Read through the listing, and wherever a line holds the word "Home", return it.

-- AVAILABLE DATA follows --

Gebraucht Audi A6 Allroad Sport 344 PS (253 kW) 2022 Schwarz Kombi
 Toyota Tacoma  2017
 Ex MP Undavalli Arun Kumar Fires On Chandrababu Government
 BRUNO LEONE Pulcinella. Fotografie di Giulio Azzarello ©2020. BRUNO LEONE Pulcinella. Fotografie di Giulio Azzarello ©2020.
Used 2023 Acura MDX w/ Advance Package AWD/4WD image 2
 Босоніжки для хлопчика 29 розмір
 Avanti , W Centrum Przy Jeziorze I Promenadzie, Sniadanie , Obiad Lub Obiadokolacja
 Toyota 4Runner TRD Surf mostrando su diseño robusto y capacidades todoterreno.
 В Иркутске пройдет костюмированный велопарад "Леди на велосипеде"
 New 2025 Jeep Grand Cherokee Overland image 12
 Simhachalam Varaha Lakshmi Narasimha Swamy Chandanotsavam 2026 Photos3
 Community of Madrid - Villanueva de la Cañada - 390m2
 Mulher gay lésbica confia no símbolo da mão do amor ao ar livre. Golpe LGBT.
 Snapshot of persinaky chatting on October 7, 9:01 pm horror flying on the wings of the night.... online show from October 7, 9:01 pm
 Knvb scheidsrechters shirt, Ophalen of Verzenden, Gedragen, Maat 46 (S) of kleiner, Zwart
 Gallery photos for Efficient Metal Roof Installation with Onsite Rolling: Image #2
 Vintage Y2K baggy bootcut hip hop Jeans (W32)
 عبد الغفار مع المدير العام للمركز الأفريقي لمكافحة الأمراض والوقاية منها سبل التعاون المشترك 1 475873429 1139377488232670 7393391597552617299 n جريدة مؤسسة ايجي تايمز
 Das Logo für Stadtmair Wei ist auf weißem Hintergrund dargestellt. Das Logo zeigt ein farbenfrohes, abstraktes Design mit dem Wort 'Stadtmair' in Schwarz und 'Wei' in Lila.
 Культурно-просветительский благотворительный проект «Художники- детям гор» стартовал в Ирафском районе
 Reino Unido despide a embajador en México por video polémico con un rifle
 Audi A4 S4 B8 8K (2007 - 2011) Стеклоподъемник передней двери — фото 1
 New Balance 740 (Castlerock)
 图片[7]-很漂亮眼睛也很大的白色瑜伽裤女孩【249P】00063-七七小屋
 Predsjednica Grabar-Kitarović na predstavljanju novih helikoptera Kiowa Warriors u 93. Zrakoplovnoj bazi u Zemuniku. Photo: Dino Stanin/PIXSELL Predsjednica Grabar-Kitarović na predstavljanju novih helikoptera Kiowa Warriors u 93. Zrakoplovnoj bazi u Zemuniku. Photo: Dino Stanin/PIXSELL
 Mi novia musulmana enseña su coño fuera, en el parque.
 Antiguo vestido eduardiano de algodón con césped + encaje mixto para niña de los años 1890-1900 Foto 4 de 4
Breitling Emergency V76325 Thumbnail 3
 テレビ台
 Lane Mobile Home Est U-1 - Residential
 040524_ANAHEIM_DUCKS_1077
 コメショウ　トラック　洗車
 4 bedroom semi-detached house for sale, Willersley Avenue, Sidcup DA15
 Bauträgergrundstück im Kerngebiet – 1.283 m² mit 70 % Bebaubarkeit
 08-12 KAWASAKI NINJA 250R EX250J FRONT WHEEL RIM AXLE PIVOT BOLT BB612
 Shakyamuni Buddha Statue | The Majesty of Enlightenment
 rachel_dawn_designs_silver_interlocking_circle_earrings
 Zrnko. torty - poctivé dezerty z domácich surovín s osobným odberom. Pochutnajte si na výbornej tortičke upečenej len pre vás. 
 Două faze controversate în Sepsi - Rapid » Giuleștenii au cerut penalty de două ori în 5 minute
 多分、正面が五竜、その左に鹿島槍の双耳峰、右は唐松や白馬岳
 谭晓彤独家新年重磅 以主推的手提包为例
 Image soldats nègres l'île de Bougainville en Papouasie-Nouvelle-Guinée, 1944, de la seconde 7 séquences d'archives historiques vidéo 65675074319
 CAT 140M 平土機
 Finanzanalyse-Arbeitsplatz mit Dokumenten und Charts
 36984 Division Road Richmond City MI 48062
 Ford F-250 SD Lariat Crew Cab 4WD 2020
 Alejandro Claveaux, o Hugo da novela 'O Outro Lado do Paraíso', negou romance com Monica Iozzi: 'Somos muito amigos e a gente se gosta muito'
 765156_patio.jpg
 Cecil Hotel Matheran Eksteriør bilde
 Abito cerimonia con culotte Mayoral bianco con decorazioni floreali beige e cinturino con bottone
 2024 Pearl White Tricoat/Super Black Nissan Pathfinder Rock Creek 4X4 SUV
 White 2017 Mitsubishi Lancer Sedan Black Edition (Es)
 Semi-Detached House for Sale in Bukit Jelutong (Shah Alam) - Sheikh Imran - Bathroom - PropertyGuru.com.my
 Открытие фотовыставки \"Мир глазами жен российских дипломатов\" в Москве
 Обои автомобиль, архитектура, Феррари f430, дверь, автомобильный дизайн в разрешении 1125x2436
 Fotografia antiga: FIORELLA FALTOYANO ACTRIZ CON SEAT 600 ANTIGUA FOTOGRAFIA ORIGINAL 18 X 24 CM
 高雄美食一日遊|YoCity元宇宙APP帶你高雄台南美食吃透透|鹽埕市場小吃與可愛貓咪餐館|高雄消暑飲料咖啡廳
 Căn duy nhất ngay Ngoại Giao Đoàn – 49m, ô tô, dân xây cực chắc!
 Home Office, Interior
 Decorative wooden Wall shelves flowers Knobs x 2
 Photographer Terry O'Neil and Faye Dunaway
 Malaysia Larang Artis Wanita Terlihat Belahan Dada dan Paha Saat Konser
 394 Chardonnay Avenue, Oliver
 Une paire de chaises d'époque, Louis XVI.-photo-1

-- AVAILABLE DATA concluded --

COMPLETED EXERCISE:
 Lane Mobile Home Est U-1 - Residential
 Home Office, Interior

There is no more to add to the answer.